Tacoma graduation goals lofty but reachable
The drumbeat of doom rarely lets up when it comes to Washington’s education system. Teacher shortages have arrived, a levy cliff is on the horizon and billion-dollar funding inequities that violate a Supreme Court order will persist at least until next year.
Our K-12 public schools also show up on national measures of mediocrity. Washington ranks 28th in per-student education dollars, and teachers here are paid some of the least competitive salaries in the U.S., according to a report released last week by Rutgers University.
What a refreshing change of pace, then, to see Tacoma Public Schools defy those challenges and make progress toward moving more students into gowns and mortarboards – not just high school graduation, but also college.
The Foundation for Tacoma Students released its 2016 Community Impact Report this week, and shared it with 200 community partners at its annual mobilization event Tuesday. One big highlight: The rate of students graduating high school on time has climbed steadily across all poverty, race and ethnic groups and reached 82 percent overall. Nearly identical gains were reported for the five-year-extended graduation rate – a key gauge for ensuring kids who fall behind aren’t left behind.
The Graduate Tacoma project was formed in 2010. Its goal: To increase Tacoma’s public high school graduation rate by 50 percent in time for the Class of 2020 to walk across the stage. A USA Today article that branded Tacoma schools among the nation’s “dropout factories” prompted a community crusade to flip the script and turn campuses into graduation factories.
It didn’t stop there. Graduate Tacoma also pledged to increase by 50 percent the rate of local students who earn a college degree or technical certificate. Six years of data make clear this postsecondary goal will require the most strenuous lifting between now and 2020.
The foundation tracks student academic data across several benchmarks starting in elementary school. An upward trajectory since 2010 can be seen in many categories, including:
▪ Sixth-grade achievement. Fully 86 percent of these children are passing their classes, with students in poverty making the most strides. (Alas, black and Pacific Islander sixth-graders have slid backwards.)
▪ College entry exams. The percentage of students taking the SAT has skyrocketed by 97 percent. (Math scores have declined, however.)
▪ High-school graduation achievement gap. Tacoma’s graduation rate tops the state average for a second straight year, thanks to consistent improvement across all groups of students. The gap has closed between white students and students of color, as well as between non-poor and poor students. (Eliminating that gap should not be too much to hope for.)
To its credit, the foundation doesn’t gloss over bad news. Ninth-grade achievement has been up and down, underscoring the often-bumpy transition kids face entering the pivotal high school years. The 17-percent increase in the gap between poor and non-poor freshmen who pass their classes is cause for concern.

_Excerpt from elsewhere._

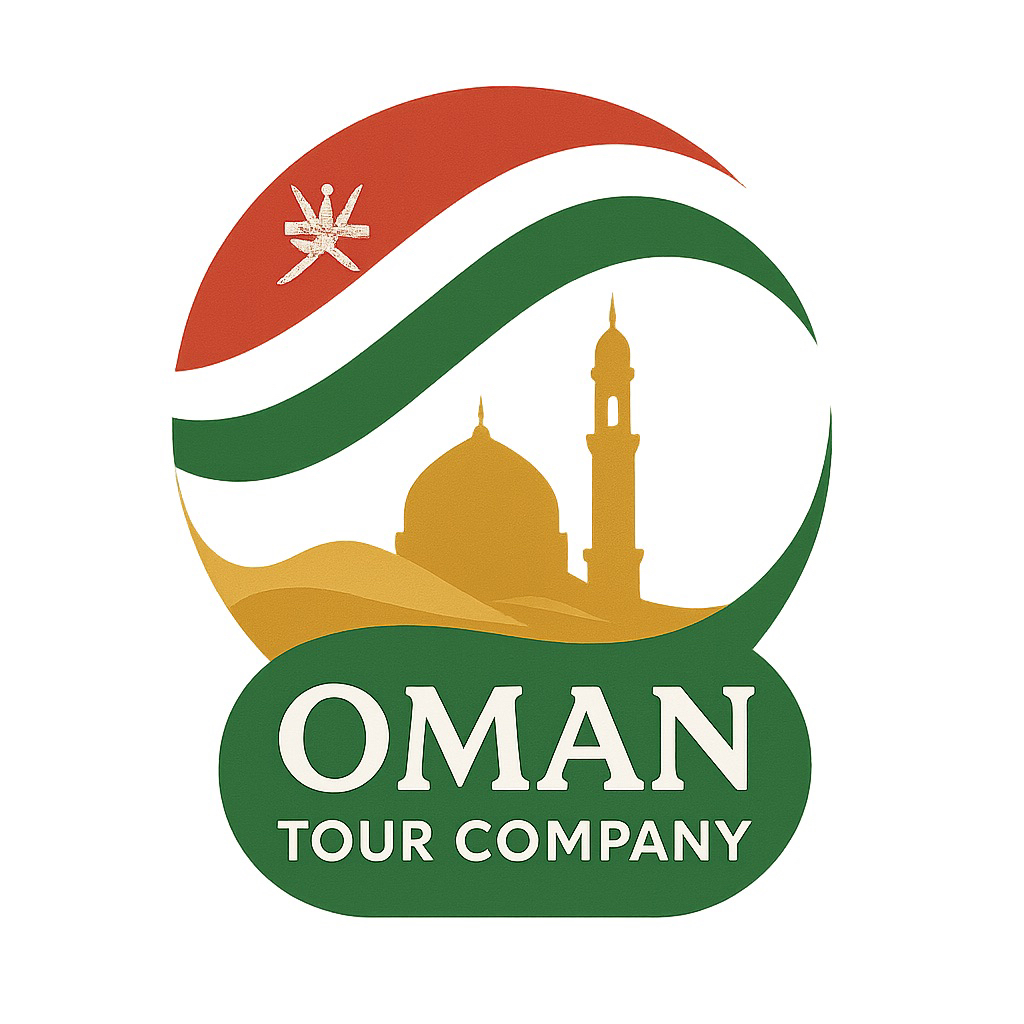 Oman Tour Logo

The transition into kindergarten also shows rough spots – particularly for Hispanic children, for whom the readiness gap has increased by 20 percent compared to their non-Hispanic peers. Not only are they disadvantaged at the start of the K-12 experience, they’re also less likely to advance past the end of it. The percentage of Hispanic and black students enrolling in college has stayed flat since 2010.
“This is a place where we have a long way to go,” says Eric Wilson, the foundation’s president and CEO.
It will require more programs like Tacoma’s Palmer Scholars and Washington’s College Bound Scholarship to turn the numbers around.
And that will go a long way toward helping every student achieve success from cradle to college and career.